Conformité à la Constitution de l’exclusion au mécanisme de révision pour imprévision concernant les opérations portant sur des titres et contrats financiers
Par une décision QPC n°2023-1049 du 26 mai 2023, le Conseil constitutionnel s’est prononcé sur la constitutionnalité de l’exclusion du champ d’application de la révision pour imprévision pour les opérations portant sur des titres et contrats financiers.
Le Conseil avait été saisi le 15 mars 2023 par la chambre commerciale de la Cour de cassation conformément à l’article 61-1 de la Constitution. Une société contestait la constitutionnalité de l’article L. 211-40-1 du Code monétaire et financier, dans sa rédaction issue de la loi n°2018-287 du 20 avril 2018 ayant ratifié l’ordonnance du 10 février 2016 portant réforme du droit des contrats, lequel exclut expressément l’application de la révision pour imprévision prévue à l’article 1195 du Code civil pour les opérations portant sur l’ensemble des instruments financiers définis à l’article L. 211-1 I à III du Code monétaire et financier.
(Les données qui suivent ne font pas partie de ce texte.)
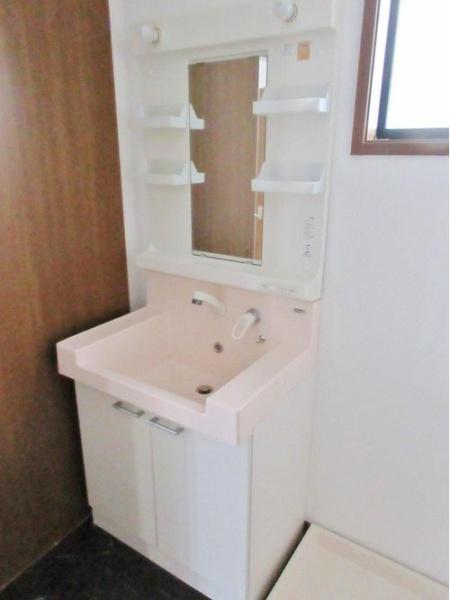 守口市大久保町４丁目の中古一戸建て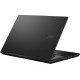 ASUS Vivobook Pro 16X K6604JV-MX076 (90NB1102-M00360)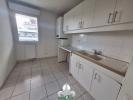 Apartment BESANCON 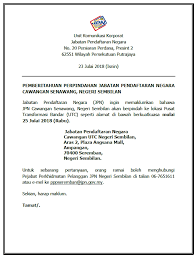 506,687 likes · 6,422 talking about this. Pengumuman Malaysia Government Call Centre Facebook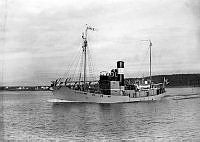 A-01524 Hvalbåt GUN (2).JPG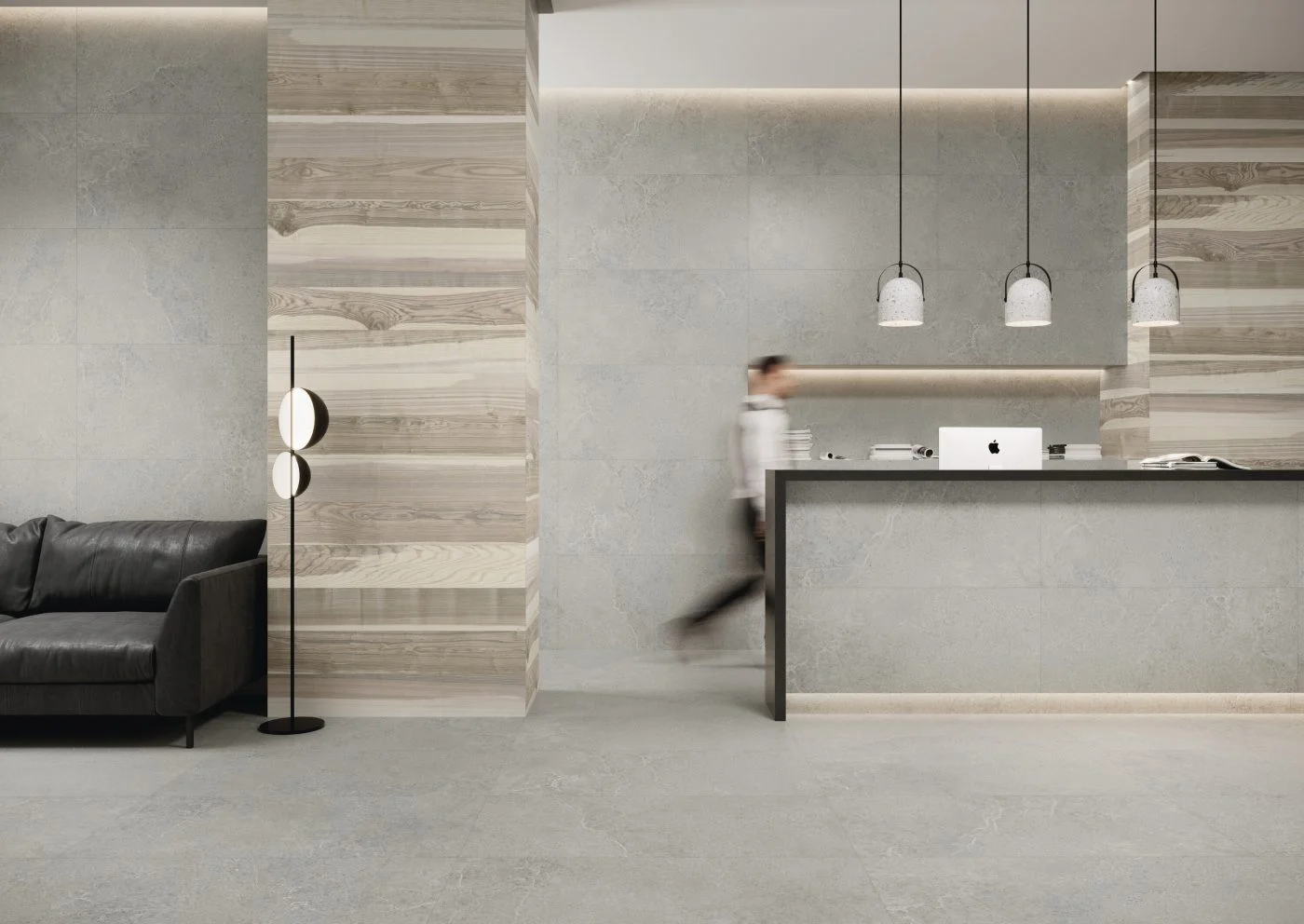 Cifre Norwich – Cifre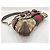 Borsa Gucci Horsebit marrone - vista 9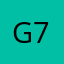 Geoff-76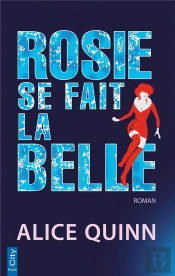 Rosie Se Fait La Belle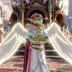 13 <33 Angel Honorary Pack logo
La société requérante faisait valoir qu’une différence de traitement injustifiée (et donc une méconnaissance du principe d’égalité devant la loi) avait été instituée entre d’une part les cessions de parts sociales ou les contrats aléatoires et d’autre part les cessions d’actions, la révision pour imprévision étant expressément écartée pour ces dernières. Ladite société soutenait également qu’une distinction entre les cessions d’actions sur les marchés financiers et les cessions de gré à gré aurait dû être opérée au regard de l’objectif qui avait été initialement recherché de protection des opérations réalisées sur les marchés financiers.
Pour rappel, l’article 1195 du Code civil prévoit que lorsqu’un changement de circonstances imprévisible lors de la conclusion d’un contrat rend son exécution excessivement onéreuse pour une partie qui n’avait pas accepté d’en assumer le risque, celle-ci peut demander une renégociation du contrat à son cocontractant. En cas de refus ou d’échec de la renégociation, et si les parties ne s’accordent pas sur la résolution du contrat et ne demandent pas d’un commun accord au juge de procéder à son adaptation, ce dernier peut, à la demande d’une partie, réviser le contrat ou y mettre fin.
Le Conseil constitutionnel rappelle de prime abord qu’au terme de l’article 6 de la Déclaration des droits de l’homme et du citoyen de 1789, le principe d’égalité ne s’oppose ni à ce que le législateur règle de façon différente des situations différentes, ni à ce qu’il déroge à l’égalité pour des raisons d’intérêt général, pourvu que, dans l’un et l’autre cas, la différence de traitement qui en résulte soit en rapport direct avec l’objet de la loi qui l’établit. Il en résulte que le législateur peut logiquement prévoir des traitements différents pour des personnes se trouvant dans des situations différentes.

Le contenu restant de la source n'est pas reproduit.